The federal court in Washington is giving the new Obama administration an opportunity to define the term.
The Bush regime defined it as anyone the president says is an "enemy combatant" whether they did combat against the US Constitution or not. Not so clear.
What is clear is that a person can obviously be an enemy or an enemy combatant, depending on whether or not combat is involved.
I have a hunch that the new Obama administration will say "enemy combatant" is any non-citizen who seeks to harm the US Constitution by combat.
There is another part of constitutional law that deals with citizens who would take up arms against the US Constitution. It is called treason.

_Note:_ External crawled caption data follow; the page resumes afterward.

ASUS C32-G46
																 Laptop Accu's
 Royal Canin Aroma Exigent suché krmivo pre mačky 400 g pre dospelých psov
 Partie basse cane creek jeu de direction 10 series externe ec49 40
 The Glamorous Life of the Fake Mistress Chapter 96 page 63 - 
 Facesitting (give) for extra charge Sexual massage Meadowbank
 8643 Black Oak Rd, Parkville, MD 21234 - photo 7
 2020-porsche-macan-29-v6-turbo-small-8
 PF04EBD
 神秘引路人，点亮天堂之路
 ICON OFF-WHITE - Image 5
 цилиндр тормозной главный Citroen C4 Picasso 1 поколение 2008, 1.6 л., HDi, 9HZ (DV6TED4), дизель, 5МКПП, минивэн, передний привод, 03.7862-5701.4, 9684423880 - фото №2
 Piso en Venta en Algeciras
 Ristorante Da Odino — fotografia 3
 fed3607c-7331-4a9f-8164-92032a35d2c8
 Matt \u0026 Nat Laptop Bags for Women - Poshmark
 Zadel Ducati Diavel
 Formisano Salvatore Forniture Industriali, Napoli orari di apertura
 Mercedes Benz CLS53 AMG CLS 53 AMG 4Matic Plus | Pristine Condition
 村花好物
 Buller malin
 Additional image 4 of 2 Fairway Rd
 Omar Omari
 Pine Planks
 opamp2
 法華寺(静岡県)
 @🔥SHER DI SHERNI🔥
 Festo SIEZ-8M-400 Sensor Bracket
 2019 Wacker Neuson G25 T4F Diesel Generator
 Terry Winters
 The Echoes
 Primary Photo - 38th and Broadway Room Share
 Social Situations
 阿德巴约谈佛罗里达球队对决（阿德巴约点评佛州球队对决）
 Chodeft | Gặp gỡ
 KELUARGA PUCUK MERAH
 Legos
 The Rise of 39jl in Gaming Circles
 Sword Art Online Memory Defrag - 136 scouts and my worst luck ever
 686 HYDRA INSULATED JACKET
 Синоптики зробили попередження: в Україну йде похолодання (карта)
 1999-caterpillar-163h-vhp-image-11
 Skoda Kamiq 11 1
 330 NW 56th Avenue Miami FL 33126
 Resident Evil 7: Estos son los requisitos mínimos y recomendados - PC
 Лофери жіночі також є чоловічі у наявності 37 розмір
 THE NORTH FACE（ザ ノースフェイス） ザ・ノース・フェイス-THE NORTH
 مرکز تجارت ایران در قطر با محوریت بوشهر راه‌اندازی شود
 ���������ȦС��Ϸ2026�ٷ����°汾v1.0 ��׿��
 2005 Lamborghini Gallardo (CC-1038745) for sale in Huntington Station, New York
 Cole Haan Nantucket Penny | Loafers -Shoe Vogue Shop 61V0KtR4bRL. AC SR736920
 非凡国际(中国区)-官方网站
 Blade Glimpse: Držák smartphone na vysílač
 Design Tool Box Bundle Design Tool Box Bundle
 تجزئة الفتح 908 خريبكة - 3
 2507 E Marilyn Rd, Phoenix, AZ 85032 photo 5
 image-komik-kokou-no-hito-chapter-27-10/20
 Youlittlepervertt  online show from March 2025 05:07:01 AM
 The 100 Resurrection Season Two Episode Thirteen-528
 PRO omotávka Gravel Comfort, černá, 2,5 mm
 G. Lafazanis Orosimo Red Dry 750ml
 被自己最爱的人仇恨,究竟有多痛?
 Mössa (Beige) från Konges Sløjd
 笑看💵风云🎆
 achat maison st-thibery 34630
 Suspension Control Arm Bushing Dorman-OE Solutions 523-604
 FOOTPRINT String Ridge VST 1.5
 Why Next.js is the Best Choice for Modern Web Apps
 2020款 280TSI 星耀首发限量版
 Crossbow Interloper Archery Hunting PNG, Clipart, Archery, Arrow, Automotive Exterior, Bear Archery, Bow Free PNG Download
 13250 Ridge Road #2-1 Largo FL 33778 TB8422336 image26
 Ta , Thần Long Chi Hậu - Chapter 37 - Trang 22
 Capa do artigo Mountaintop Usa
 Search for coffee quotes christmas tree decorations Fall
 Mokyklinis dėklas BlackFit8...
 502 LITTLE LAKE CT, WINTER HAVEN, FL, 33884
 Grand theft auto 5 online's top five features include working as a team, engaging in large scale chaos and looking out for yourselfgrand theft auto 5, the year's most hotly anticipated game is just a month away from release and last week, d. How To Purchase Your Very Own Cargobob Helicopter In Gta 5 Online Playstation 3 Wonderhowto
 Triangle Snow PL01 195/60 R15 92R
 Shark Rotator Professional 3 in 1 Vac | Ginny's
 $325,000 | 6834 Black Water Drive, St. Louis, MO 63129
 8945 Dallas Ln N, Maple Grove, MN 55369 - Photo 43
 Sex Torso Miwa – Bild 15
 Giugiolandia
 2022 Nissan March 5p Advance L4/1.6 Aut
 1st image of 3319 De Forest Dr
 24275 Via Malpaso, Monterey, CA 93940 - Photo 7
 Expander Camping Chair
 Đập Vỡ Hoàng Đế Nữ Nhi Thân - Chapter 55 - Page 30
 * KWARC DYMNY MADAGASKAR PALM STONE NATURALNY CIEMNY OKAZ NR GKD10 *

Treason is mentioned in Art. I, Sec. 6, Art. II, Sec. 4, and is defined as:
Treason against the United States, shall consist only in levying War against them, or in adhering to their Enemies, giving them Aid and Comfort. No Person shall be convicted of Treason unless on the Testimony of two Witnesses to the same overt Act, or on Confession in open Court.(Article III, Section 3). Since Article III is the one that deals with the Judicial Branch, the courts, it would seem that such behaviour is for the courts to handle, not for military commissions or tribunals to mumbo jumbo through.
The Congress shall have Power to declare the Punishment of Treason, but no Attainder of Treason shall work Corruption of Blood, or Forfeiture except during the Life of the Person attainted
The military is for military matters, and the courts are for judicial matters.